First of its Kind AI traffic Light System will bring ease to Road Ragers
The newly developed system will read live camera footage and adapt traffic lights to compensate with the objective of making traffic flow easily...
Do you ever catch yourself screaming at a traffic light for taking too long when nothing is coming from the opposite end? Well, lucky for all of you with road rage, new AI systems developed by Aston University scientists are the first of their kind and read live camera footage and adapt traffic lights to compensate with the objective of making traffic flow easily.
Deep reinforcement learning has been in the works and these traffic lights use just that. What is this said learning? Well, it is when the program understands it is not doing well and tries to differentiate the actions it is taking thus improving to make progress.
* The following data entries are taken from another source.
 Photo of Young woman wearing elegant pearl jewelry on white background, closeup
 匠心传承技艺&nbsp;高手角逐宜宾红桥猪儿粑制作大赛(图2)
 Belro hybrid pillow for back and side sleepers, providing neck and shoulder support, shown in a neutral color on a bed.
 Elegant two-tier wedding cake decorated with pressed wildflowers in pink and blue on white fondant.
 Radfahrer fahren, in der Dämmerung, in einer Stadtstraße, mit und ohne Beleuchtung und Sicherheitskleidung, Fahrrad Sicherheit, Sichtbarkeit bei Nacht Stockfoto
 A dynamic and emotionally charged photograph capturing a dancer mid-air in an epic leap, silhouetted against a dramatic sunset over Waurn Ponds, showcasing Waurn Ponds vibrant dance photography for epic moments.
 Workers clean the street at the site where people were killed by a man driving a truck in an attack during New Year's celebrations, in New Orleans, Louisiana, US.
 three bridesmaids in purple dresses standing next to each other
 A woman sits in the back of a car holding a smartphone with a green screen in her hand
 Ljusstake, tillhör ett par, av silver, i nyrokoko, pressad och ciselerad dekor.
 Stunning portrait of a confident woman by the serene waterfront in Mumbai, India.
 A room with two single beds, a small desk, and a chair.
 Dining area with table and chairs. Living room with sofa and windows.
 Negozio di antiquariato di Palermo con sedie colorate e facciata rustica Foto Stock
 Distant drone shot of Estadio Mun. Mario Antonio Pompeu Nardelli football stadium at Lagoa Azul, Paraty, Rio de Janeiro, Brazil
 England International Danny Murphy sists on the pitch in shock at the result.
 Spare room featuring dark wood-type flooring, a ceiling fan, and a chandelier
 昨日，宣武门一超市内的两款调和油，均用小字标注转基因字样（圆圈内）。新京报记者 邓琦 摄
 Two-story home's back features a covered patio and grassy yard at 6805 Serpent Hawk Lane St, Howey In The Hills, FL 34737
In the scientist’s testing, their newly developed system outperformed all other methods designed based on phase transitions.
In the United Kingdon, urban areas witnessed estimated congestion of 115 hours of time and wasted £894 in gasoline in 2019. This is a reoccurring thing however as this is reported every single year. One of the leading causes is the inadequate traffic signal timings experienced in the U.K.
Traffic 3D was created to train their developed program. The Traffic 3D taught the system how to handle different traffic and weather scenarios. In real situations, the newly developed system adapted to real traffic intersections despite being trained on simulations.
"We have set this up as a traffic control game. The program gets a 'reward' when it gets a car through a junction. Every time a car has to wait or there's a jam, there's a negative reward. There's actually no input from us; we simply control the reward system."
Dr. Maria Chli, researcher in Computer Science at Aston University, explained.
Currently, the system used for traffic lights is based on a magnetic induction loop in which a wire sits on the road and registers cars passing over it. The program counts the cars and reacts to that data. The AI system sees the traffic firsthand, thus it reacts quicker.
“The reason we have based this program on learned behaviors is so that it can understand situations it hasn't explicitly experienced before. We've tested this with a physical obstacle that is causing congestion, rather than traffic light phasing, and the system still did well. As long as there is a causal link, the computer will ultimately figure out what that link is. It's an intensely powerful system."
Dr. George Vogiatzis, senior lecturer in Computer Science at Aston University, said.
The newly developed system learns autonomously no matter what traffic junction it is set up at. It can also be manipulated to allow for emergency vehicles through quickly but the program is always learning and teaching preferences instead of being programmed.
1The research paper, Fully-Autonomous, Vision-based Traffic Signal Control: from Simulation to Reality, is being presented at the Autonomous Agents and Multi-agent Systems Conference 2022 being held virtually this week.